Records supplied ::
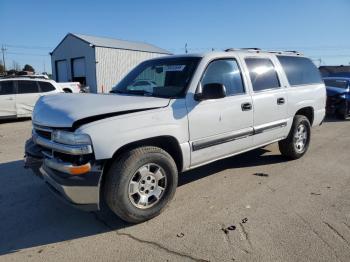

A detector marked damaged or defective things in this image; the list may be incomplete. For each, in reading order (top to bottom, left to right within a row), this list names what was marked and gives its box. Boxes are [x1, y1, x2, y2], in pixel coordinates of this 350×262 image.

damaged front bumper [23, 139, 101, 211]
crack in pavement [91, 213, 209, 262]
crack in pavement [294, 213, 340, 262]
crack in pavement [322, 221, 350, 248]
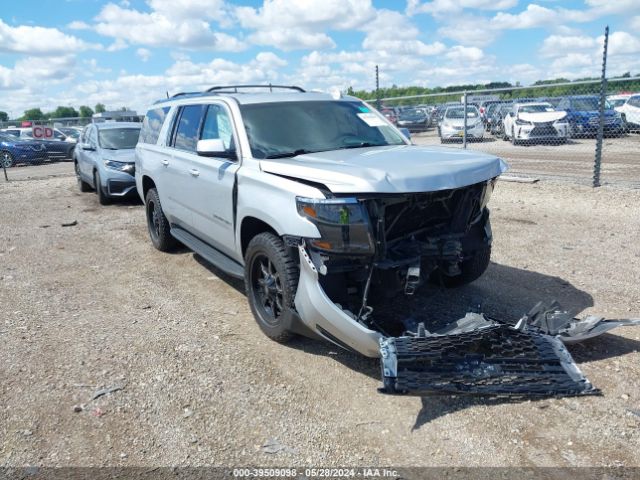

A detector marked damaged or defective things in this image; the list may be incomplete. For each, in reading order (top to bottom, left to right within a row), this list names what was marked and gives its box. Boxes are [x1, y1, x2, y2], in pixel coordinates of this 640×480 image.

damaged headlight area [296, 196, 376, 255]
damaged front end [292, 180, 640, 398]
broken bumper cover [380, 326, 596, 398]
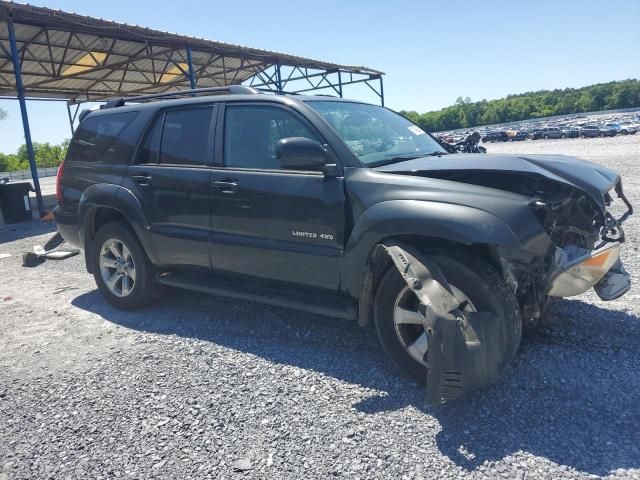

Task to complete :: Pictures excluded, quote all the data above exactly.

Exercise solution ::
A detector marked damaged or defective things in this image; the list may be incomplete. For each, in reading order (top to bottom, left to right within a row), this list names what was marked and gives its box. Boxes are [x1, y1, x2, y2], in pixel coordinates of this 350×262 image.

damaged front bumper [23, 139, 101, 211]
crack in pavement [91, 213, 209, 262]
crack in pavement [294, 213, 340, 262]
crack in pavement [322, 221, 350, 248]

A detector marked damaged or defective things in this image; the list may be incomplete. For each, in reading order (top to bottom, left to right within a row), this list names what was marked and gives its box. Boxes are [x1, y1, x2, y2], in pixel coordinates of this 640×480 image.

damaged headlight area [296, 196, 376, 255]
damaged front end [292, 180, 640, 398]
broken bumper cover [380, 326, 596, 398]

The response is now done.